Tuesday, October 8, 2013

Gulf-based IT professionals are enjoying higher salaries according to the Arabian Computer News Salary Survey.

Salaries on the rise in Gulf tech sector: survey

Click here for more insight from the ACN Salary Survey 2013.

The anonymous poll, conducted online, received 171 responses from across the Gulf region, covering a range of technology roles, from CIO and IT manager to database administrator and software developer.

Almost two thirds reported they had received an increase in salary in the past year. While 20% of those polled said they had received a bump of 2% to 5%, over one third of respondents said their salary had increased by more than 5%. This compares to a median percentage shift of 1% to 1.7% in the US.
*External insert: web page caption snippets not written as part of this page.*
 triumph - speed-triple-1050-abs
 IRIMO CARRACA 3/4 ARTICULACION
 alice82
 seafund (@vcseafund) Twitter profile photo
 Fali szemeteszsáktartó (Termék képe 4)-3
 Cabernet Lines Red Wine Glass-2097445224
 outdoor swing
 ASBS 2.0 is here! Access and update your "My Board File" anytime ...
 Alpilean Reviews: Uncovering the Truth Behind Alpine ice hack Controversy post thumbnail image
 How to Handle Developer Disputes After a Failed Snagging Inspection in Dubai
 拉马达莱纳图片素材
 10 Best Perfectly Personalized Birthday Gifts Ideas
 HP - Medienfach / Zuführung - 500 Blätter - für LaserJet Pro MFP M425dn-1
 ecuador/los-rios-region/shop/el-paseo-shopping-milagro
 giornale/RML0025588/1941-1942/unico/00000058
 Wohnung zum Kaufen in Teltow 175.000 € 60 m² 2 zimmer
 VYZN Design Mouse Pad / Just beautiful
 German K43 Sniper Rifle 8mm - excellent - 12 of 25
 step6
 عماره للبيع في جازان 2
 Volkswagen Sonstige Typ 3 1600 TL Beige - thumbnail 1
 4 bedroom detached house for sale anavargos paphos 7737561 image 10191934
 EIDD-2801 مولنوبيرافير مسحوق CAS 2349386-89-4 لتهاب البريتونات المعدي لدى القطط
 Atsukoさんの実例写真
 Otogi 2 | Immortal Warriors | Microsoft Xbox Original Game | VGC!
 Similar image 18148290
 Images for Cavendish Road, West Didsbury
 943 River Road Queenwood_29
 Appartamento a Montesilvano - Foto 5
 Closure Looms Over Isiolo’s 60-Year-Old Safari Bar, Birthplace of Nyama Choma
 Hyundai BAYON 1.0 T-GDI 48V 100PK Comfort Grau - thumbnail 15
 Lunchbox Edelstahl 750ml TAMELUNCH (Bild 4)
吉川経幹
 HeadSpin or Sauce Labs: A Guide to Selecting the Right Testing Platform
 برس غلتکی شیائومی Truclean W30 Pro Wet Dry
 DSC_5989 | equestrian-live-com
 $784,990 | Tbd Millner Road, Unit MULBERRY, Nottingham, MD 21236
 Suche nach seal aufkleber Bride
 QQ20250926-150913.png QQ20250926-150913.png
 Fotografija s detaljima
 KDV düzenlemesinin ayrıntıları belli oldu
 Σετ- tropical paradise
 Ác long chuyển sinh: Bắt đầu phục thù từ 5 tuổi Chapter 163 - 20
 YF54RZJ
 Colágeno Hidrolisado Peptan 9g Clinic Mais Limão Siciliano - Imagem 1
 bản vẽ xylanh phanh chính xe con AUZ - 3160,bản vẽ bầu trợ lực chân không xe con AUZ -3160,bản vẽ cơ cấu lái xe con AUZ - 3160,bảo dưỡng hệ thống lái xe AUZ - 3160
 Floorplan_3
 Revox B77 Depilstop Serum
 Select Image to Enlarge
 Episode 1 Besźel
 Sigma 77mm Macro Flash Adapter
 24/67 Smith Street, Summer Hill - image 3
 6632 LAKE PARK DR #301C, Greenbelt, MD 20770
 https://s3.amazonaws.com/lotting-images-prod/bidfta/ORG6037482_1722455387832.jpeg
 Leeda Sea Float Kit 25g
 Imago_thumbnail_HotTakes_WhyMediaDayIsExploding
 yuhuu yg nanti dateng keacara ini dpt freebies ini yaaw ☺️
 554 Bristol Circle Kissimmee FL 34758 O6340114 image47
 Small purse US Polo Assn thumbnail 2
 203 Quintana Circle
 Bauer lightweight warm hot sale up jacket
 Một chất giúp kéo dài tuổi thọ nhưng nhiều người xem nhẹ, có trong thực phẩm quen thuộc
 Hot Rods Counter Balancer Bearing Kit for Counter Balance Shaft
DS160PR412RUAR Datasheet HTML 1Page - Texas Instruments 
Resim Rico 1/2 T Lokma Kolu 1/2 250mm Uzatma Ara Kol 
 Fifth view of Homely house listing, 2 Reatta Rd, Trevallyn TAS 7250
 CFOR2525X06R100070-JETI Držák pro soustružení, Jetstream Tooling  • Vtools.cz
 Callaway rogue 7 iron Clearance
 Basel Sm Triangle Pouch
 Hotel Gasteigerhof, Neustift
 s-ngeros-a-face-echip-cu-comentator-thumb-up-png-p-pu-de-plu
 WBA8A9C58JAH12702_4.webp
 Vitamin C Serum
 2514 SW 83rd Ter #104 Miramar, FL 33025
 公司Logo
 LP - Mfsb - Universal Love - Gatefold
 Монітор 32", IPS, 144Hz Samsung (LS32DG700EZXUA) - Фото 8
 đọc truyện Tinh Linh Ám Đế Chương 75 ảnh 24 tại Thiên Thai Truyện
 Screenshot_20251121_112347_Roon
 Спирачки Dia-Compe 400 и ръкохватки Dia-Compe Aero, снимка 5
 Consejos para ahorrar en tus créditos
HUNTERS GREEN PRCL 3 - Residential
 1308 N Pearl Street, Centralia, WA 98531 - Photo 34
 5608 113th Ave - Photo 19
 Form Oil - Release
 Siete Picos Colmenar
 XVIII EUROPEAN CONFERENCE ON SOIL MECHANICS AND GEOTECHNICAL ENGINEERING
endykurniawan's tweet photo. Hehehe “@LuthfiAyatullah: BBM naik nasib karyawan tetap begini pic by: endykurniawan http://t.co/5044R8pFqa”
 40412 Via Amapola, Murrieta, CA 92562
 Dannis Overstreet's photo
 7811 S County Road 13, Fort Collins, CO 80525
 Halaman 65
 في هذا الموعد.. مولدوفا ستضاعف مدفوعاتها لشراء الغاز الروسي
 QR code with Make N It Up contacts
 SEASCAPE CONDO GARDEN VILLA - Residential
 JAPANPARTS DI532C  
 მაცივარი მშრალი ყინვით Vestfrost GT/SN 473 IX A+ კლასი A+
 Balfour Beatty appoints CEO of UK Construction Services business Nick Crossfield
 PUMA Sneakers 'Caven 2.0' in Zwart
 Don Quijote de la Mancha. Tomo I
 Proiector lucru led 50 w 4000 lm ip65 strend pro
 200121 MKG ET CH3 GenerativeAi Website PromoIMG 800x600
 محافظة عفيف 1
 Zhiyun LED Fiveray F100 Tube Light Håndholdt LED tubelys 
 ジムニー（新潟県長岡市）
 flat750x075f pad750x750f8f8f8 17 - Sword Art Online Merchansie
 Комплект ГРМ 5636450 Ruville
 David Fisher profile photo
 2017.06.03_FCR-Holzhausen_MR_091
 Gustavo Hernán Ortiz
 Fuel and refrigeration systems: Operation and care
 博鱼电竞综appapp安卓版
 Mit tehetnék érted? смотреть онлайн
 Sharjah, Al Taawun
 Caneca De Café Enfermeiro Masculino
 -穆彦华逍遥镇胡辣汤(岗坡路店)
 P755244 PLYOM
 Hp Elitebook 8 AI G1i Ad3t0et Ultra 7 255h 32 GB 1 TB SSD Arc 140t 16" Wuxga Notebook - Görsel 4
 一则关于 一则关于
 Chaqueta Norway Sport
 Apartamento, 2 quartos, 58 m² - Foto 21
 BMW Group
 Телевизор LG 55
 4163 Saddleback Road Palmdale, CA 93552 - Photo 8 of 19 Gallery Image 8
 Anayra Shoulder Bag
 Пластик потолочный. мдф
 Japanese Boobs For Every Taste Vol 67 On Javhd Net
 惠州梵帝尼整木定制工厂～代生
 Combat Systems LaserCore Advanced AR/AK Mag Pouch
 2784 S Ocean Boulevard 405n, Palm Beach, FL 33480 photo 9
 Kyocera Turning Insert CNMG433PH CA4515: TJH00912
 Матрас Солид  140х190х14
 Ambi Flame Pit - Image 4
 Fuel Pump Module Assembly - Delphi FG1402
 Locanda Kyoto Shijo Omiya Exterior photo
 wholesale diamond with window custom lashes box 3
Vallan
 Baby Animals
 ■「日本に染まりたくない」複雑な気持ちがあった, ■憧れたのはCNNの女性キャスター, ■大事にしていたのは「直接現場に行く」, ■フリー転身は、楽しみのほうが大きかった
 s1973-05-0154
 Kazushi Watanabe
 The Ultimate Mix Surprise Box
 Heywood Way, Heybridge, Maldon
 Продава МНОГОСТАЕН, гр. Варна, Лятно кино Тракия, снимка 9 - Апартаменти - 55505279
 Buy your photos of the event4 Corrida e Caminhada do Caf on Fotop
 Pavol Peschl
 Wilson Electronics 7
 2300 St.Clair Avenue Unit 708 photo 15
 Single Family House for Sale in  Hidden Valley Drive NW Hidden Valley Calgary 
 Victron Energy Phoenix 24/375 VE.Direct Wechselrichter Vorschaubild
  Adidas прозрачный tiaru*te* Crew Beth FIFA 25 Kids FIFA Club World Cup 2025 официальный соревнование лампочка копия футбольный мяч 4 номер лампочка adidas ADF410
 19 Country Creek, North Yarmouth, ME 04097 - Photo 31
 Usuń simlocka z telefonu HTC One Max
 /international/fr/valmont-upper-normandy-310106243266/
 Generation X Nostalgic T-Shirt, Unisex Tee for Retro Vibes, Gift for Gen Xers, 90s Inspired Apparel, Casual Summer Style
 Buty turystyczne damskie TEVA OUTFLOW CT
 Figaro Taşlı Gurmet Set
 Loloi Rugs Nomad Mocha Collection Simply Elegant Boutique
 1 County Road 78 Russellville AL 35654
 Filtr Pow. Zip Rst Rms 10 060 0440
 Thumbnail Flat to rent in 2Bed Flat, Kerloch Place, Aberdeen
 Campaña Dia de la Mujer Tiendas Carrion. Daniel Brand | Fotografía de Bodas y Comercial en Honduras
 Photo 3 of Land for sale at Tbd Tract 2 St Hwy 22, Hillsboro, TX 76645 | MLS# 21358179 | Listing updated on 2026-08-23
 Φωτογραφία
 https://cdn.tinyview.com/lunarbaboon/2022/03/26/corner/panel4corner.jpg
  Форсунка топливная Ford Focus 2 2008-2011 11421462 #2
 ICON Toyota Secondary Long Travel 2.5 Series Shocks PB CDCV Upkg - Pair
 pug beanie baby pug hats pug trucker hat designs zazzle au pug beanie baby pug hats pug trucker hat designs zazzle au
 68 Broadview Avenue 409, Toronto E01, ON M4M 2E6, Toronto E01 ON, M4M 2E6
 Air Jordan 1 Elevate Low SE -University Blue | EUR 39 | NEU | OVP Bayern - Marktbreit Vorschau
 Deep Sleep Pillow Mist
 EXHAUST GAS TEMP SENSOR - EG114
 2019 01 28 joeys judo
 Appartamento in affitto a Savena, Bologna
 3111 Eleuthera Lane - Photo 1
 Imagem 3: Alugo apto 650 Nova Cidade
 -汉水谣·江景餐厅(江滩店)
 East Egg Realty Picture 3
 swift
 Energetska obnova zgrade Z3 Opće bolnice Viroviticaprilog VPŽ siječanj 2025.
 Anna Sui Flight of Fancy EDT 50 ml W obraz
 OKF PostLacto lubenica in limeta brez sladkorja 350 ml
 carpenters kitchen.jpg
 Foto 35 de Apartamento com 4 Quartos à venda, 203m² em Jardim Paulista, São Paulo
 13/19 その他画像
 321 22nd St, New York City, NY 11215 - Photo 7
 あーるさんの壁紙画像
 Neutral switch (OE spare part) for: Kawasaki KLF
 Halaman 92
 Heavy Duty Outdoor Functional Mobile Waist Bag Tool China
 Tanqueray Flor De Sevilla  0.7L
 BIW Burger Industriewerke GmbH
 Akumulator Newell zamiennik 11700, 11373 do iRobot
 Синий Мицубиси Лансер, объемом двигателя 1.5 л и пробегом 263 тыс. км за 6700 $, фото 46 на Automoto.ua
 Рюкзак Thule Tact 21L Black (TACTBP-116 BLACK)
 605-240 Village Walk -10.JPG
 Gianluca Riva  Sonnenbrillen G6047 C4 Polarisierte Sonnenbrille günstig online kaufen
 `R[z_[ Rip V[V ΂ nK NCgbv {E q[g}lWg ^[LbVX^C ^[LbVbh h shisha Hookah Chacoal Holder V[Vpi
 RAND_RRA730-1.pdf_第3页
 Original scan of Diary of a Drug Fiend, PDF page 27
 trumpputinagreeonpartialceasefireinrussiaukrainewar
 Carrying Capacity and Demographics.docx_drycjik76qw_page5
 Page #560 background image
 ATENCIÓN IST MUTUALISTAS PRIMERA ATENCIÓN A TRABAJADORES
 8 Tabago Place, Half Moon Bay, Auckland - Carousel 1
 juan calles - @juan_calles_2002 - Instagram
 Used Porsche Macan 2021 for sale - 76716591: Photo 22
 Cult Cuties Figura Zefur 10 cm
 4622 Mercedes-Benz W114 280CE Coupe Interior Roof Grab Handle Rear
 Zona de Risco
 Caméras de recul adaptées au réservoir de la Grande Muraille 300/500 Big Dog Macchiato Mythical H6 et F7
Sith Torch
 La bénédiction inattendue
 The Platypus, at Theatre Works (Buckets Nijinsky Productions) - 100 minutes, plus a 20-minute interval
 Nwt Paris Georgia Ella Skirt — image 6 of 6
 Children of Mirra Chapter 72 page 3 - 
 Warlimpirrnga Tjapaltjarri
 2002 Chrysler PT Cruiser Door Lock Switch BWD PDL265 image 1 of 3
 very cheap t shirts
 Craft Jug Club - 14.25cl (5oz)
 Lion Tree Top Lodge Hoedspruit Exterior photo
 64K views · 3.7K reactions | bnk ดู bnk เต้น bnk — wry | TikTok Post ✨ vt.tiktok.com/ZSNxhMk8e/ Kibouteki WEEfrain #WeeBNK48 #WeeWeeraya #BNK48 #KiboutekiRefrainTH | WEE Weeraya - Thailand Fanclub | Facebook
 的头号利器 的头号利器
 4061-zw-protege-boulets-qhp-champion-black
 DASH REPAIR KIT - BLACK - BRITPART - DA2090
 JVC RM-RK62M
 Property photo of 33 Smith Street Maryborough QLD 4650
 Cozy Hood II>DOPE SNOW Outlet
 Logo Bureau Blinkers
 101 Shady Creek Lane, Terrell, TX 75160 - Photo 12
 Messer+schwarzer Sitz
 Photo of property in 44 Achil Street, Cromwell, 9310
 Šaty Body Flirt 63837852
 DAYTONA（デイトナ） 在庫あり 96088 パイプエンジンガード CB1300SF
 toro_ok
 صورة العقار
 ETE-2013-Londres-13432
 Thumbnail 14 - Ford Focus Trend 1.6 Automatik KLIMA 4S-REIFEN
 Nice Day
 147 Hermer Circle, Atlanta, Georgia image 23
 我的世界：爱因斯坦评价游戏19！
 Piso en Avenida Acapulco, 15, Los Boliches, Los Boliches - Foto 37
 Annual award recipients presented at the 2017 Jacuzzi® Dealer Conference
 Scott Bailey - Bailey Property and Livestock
Despite their apparent prosperity, IT professionals were not entirely content with their lot. Only 31% expressed satisfaction with their current salary, while 37% said they were dissatisfied.

When it comes to job satisfaction however, respondents appeared able to separate this issue from that of remuneration. Just under half described themselves as very or fairly satisfied while only 17% said they were not satisfied.

Recruitment experts told ACN that high turnover is to be expected in a developing economy, as opportunities for greater challenge or higher salaries are more common. Ninety per cent said they would be seeking a new job in the next two years; a third of that group indicated they would be moving on within the next six months.

To stop such turnover, recruitment firms urged companies to consider the priorities of technology personnel. According to the ACN survey, the most important factors in staff retention are salary and work environment, with the quality of the company itself coming closely behind.

The desire to move on may be related to a recovering economy, as a slight majority of respondents said they had been with their current employer for more than five years. Just under a third had served two to five years; 23.5%, five to 10 years; and 22.5, over 10 years.

One area that showed a need for redress was gender balance. Only 3% of those polled were women and CompTIA and BCS told CAN the imbalance was hurting the industry as women are perceived as having greater soft skills and business skills, which the industry desperately needs in greater supply.

"It's vital that we reach out to more young women to encourage them to see what an amazing career IT offers," said Adam Thilthorpe, director of professionalism, BCS, The Chartered Institute for IT.

"Indeed, to fish in a talent pool already depleted by 50% through gender imbalance is to do disservice to the ambitions of an organisation."